Norma merupakan aturan dengan suatu konsekuensi (sanksi) yang dimaksudkan untuk mendorong  atau menekan anggota masyarakat secara keseluruhan demi mencapai nilai-nilai sosial. Norma sosial diciptakan untuk menjaga serta mempertahankan nilai sosial.

 

a. Fungsi Norma Sosial

  1. Norma sosial berfungsi sebagai pedoman atau patokan perilaku dalam masyarakat.
  2. Norma sosial merupakan wujud konkret dari nilai-nilai yang ada di masyarakat.
  3. Norma sosial sebagai suatu standar atau skala dari berbagai kategori tingkah  laku suatu masyarakat.

 

b. Jenis Norma Sosial Berdasarkan Sumber Norma

Sesuai dengan sumbernya, norma sosial terdiri dari empat macam sebagai berikut.

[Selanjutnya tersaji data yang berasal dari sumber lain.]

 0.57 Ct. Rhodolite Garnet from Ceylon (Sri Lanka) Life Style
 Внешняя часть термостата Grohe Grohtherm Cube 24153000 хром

  1. Norma agama: ketentuan-ketentuan  hidup  bermasyarakat yang bersumber pada ajaran agama.
  2. Norma  kesopanan  (etika):  ketentuan-ketentuan  hidup  yang  berlaku  dalam  hubungan atau interaksi sosial masyarakat.
  3. Norma  kesusilaan: ketentuan-ketentuan  yang bersumber  pada hati  nurani,  moral,  atau filsafat hidup.
  4. Norma  hukum:  ketentuan  tertulis  yang  berlaku  dan  bersumber  pada  kitab  undang-undang suatu negara.

 

c. Jenis Norma Sosial Berdasarkan Sanksi

  1. Tata cara (usage)
    Tata cara merupakan norma yang merujuk pada suatu perbuatan dengan sanksi yang sangat ringan kepada pelanggarnya. Misalnya, aturan memegang garpu atau sendok ketika makan.
  2. Kebiasaan (folkways)
    Kebiasaan merupakan tindakan  yang disukai masyarakat sehingga dilakukan  berulang• ulang. Misalnya, mengucapkan  salam ketika bertamu, membungkukkan badan sebagai rasa hormat kepada orang yang lebih tua, dan membuang  sampah pada tempatnya.
  3. Tata kelakuan (mores)
    Tata  kelakuan  merupakan  norma  yang  bersumber  pada filsafat,  ajaran  agama,  atau ideologi yang dianut oleh masyarakat. Para pelanggar norma ini disebut penjahat. Misalnya, larangan berjudi, penggunaan  narkotika, dan mencuri.
  4. Adat (customs)
    Adat  merupakan  norma  yang  tidak  tertulis,  namun  sangat  kuat  mengikat  sehingga anggota  masyarakat  yang  melanggarnya   akan  menerima  sanksi  keras secara  tidak langsung. Misalnya, masyarakat Lampung melarang terjadinya perceraian, apabila terjadi perceraian  maka  tidak  hanya  yang  bersangkutan  yang  mendapatkan  sanksi,  tetapi seluruh keluarga atau bahkan masyarakatnya.
  5. Hukum (laws)
    Hukum merupakan norma yang bersifat formal dan berupa aturan tertulis. Sanksi terhadap pelanggar sifatnya paling tegas jika dibandingkan  dengan norma-norma sosial lainnya.